PETER CAVE: It is not only the BIS. There are some glimmers of hope in a local survey out today,
are there not?

PETER RYAN: That's right and this one is from the National Australia Bank's monthly business
survey. It says business confidence improved in May as financial markets stabilised and that's the
biggest improvement in eight years and it has been fuelled by Budget plans to spend more than
$20-billion to build roads, railways and schools around the country.

But at the same time, the NAB says business conditions are still slipping back on a worsening
outlook for unemployment, which they say will hit around 8 per cent next year. And the NAB has
downgraded global growth to -1.75 percent in 2009 and that is thanks to big declines in Japan and
Europe.

So the NAB's chief economist Alan Oster says, yes there are signs of stabilisation, but the
improved confidence is tempered with reality.

ALAN OSTER: Business is starting to think that Armageddon is not around the corner and they are
starting to feel a lot happier. When you actually look at how they went in terms of their sales and
particularly their employment, they did however continue to go backwards a little bit so it's more
a case of they are looking forward to seeing growth stabilise and start to recover rather than it
happen straight away.

PETER RYAN: But importantly, coming off a very low base.
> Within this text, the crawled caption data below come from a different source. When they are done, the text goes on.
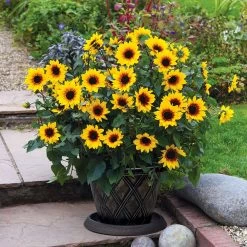 Sunflower SunBelievable™ 'Brown Eyed Girl'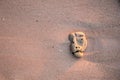 Coral on sand with a strange shape of head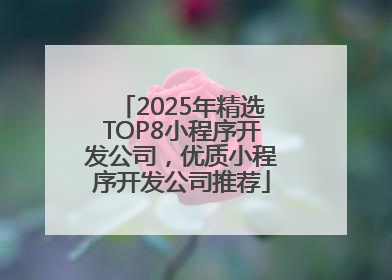 2025年精选TOP8小程序开发公司，优质小程序开发公司推荐
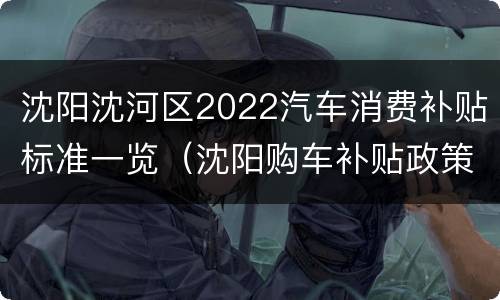 沈阳沈河区2022汽车消费补贴标准一览（沈阳购车补贴政策）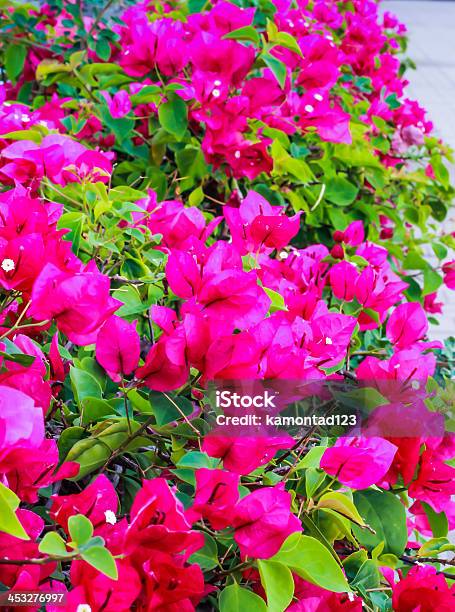 Pink Bougainvillaea Stock Photo - Download Image Now - Backgrounds, Beauty, Beauty In Nature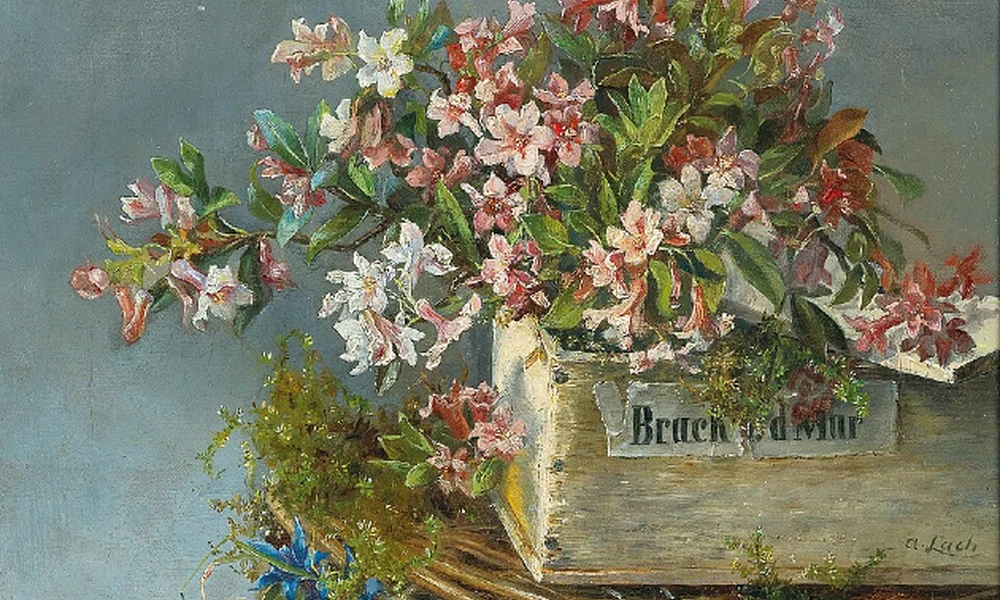 Andreas Lach – alpesi rózsák ablakdobozban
ALAN OSTER: Off a very low base and even in confidence, you have still got more pessimists than
optimists but relative to where we were a couple of months ago, it is significant improvement.

PETER CAVE: The National Australia Bank's chief economist, Alan Oster.

Peter, we're seeing those dire expectations of unemployment borne out in the ANZ Job Series, which
has been released this morning?

PETER RYAN: Yes, Peter and briefly job ads on the internet and newspapers fell by 0.2 per cent in
May and this takes the annual fall to 49 per cent.

This is a stabilisation but the ANZ says that job ads remain at recessionary levels.

PETER CAVE: Our business editor Peter Ryan.